DATA:
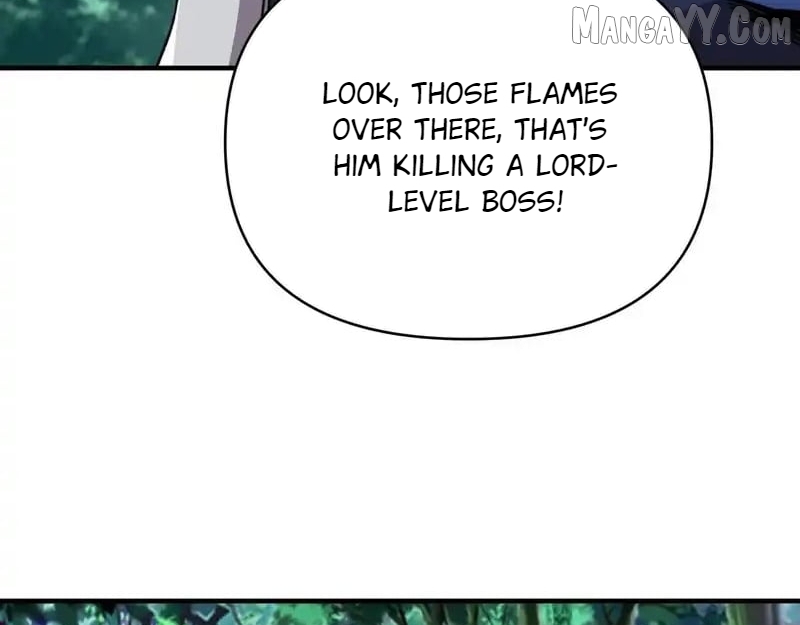 Starting As The God Of Wealth, Taming Billions Of Divine Pets! Chapter 51 - page 97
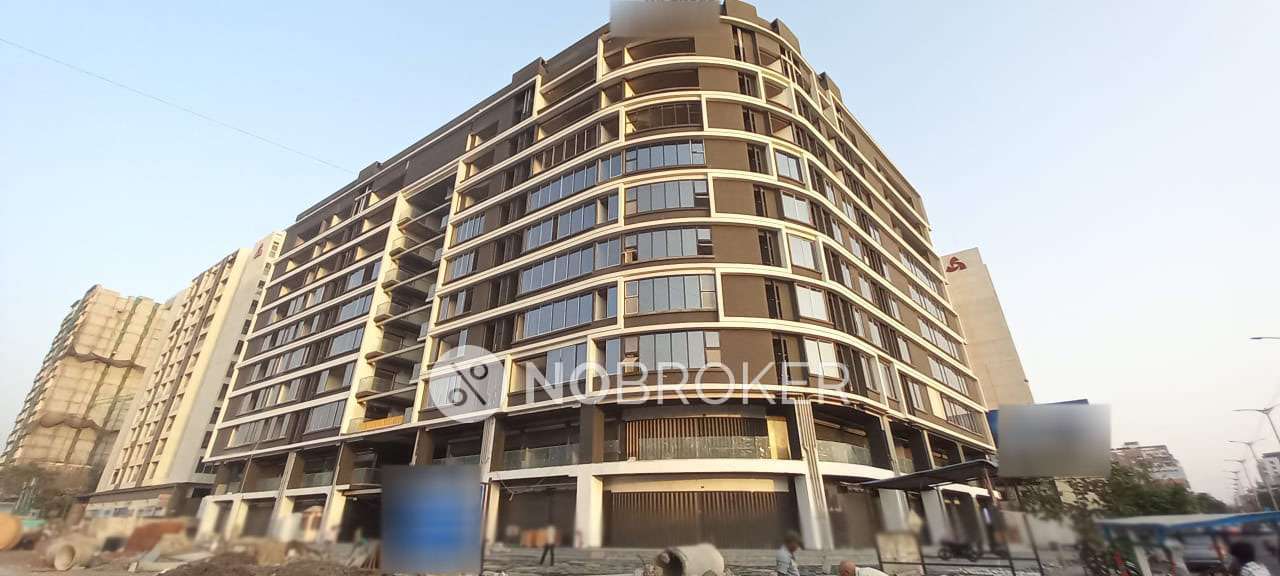 Shop in Moshi, Pune for sale 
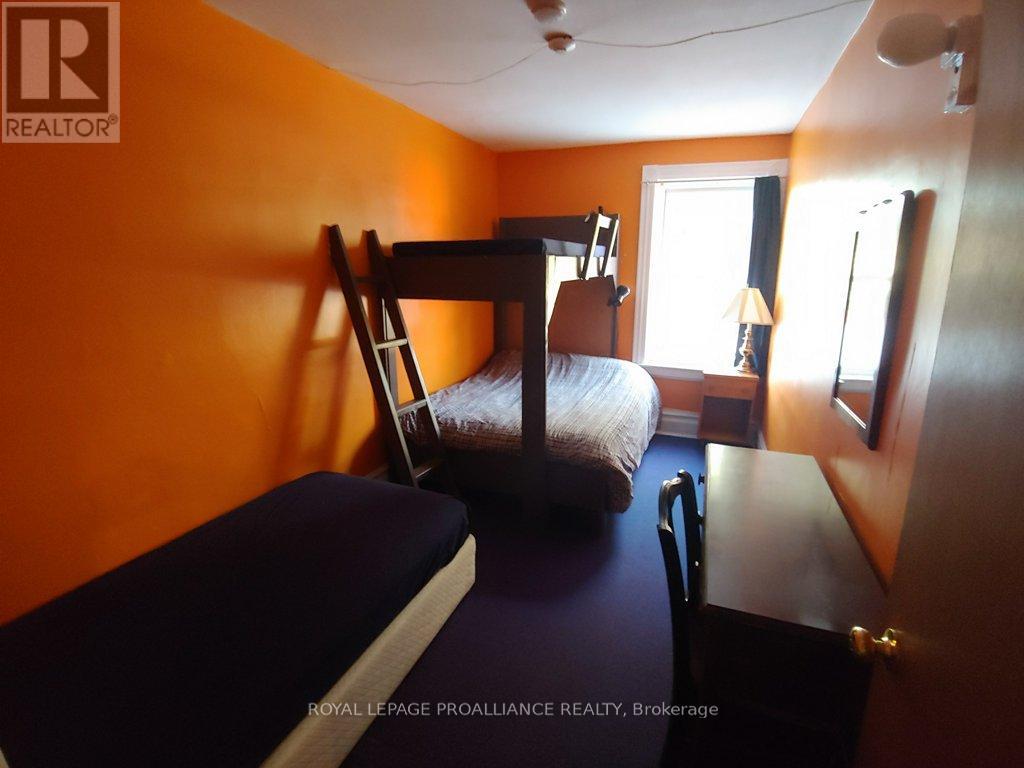 32990 Highway 62, Hastings Highlands (Monteagle Ward), Ontario  K0L 2S0 - Photo 22 - X12151249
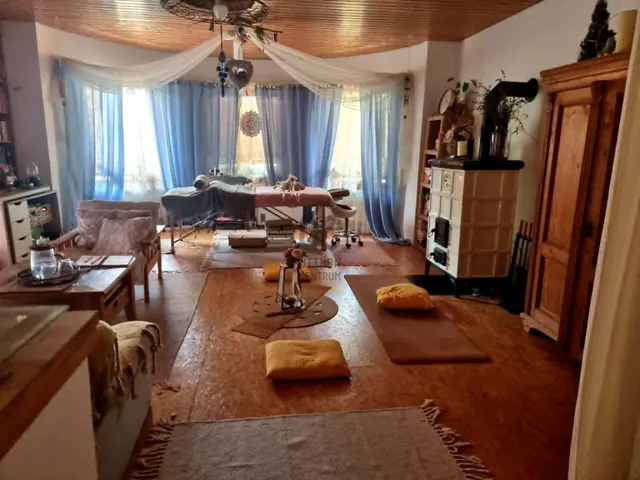 Eladó ház Vác, Deákvár 206 nm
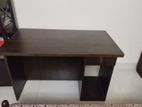 Laptop Desktop Computer Desk / Table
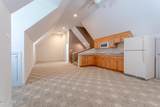106 Reddes River Court - Photo 61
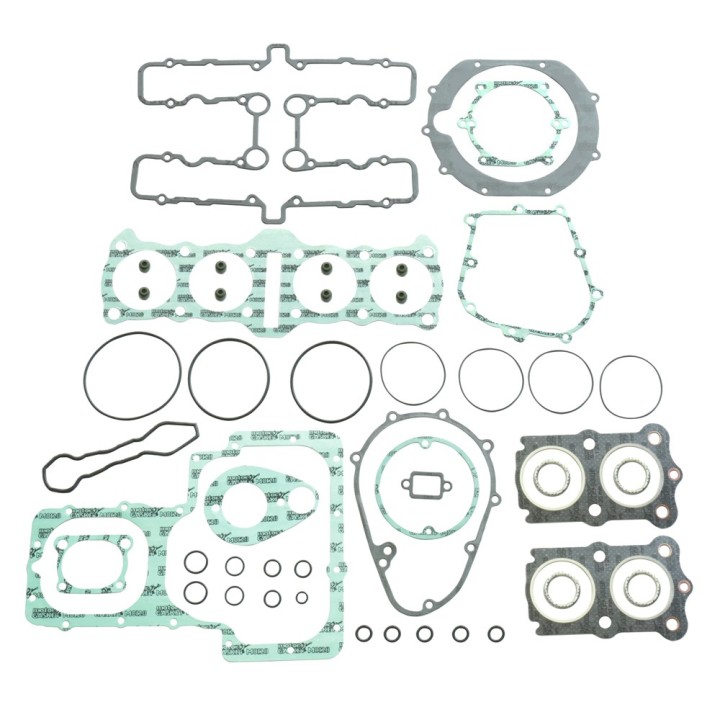 Silnik ATHENA komplet uszczelek kawasaki Z900`74-76 (Z1F)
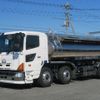 hino profia 2012 -HINO--Profia QKG-GN1APBG--GN1APB-10439---HINO--Profia QKG-GN1APBG--GN1APB-10439- image 1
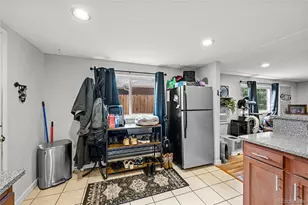2836 Xavier, Denver, CO 80212 - Photo 6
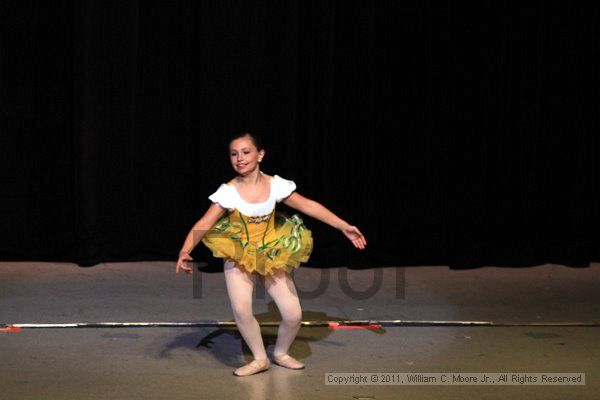 IMG_4250.jpg - 2011 Corky Bell Dance Recital5/21/20111:00pm ShowBJCC Birmingham, Al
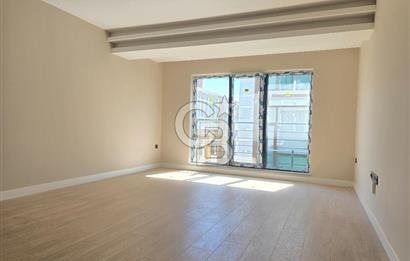 EMEK-8, ASANSÖR&OTOPARK, 3+1 DUBLEKS SATILIK SIFIR DAİRE
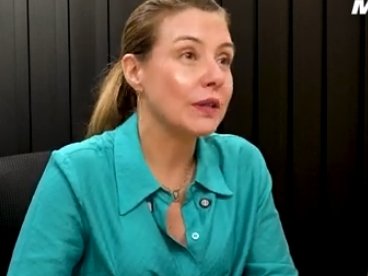 Captura de tela_5-11-2025_172349_www.midianews.com.br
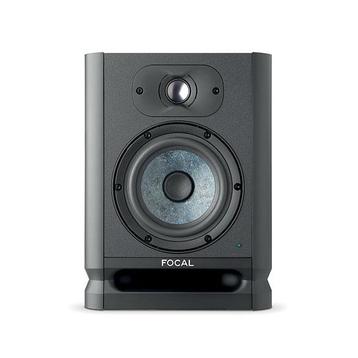 Focal ALPHA 50 EVO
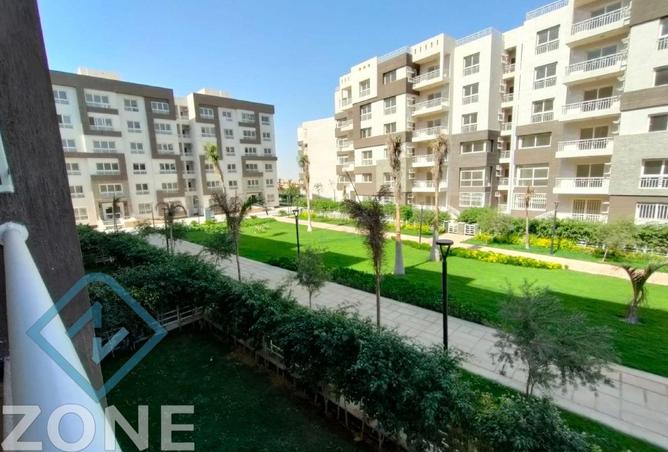 8655800 - Property Main Image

TASK ITEM: Transcribe every record exactly and omit each image.

THE COMPLETED TASK:
 Starting As The God Of Wealth, Taming Billions Of Divine Pets! Chapter 51 - page 97
 Shop in Moshi, Pune for sale 
 32990 Highway 62, Hastings Highlands (Monteagle Ward), Ontario  K0L 2S0 - Photo 22 - X12151249
 Eladó ház Vác, Deákvár 206 nm
 Laptop Desktop Computer Desk / Table
106 Reddes River Court - Photo 61
 Silnik ATHENA komplet uszczelek kawasaki Z900`74-76 (Z1F)
 hino profia 2012 -HINO--Profia QKG-GN1APBG--GN1APB-10439---HINO--Profia QKG-GN1APBG--GN1APB-10439- image 1
2836 Xavier, Denver, CO 80212 - Photo 6
 IMG_4250.jpg - 2011 Corky Bell Dance Recital5/21/20111:00pm ShowBJCC Birmingham, Al
 EMEK-8, ASANSÖR&OTOPARK, 3+1 DUBLEKS SATILIK SIFIR DAİRE
 Captura de tela_5-11-2025_172349_www.midianews.com.br
 Focal ALPHA 50 EVO
 8655800 - Property Main Image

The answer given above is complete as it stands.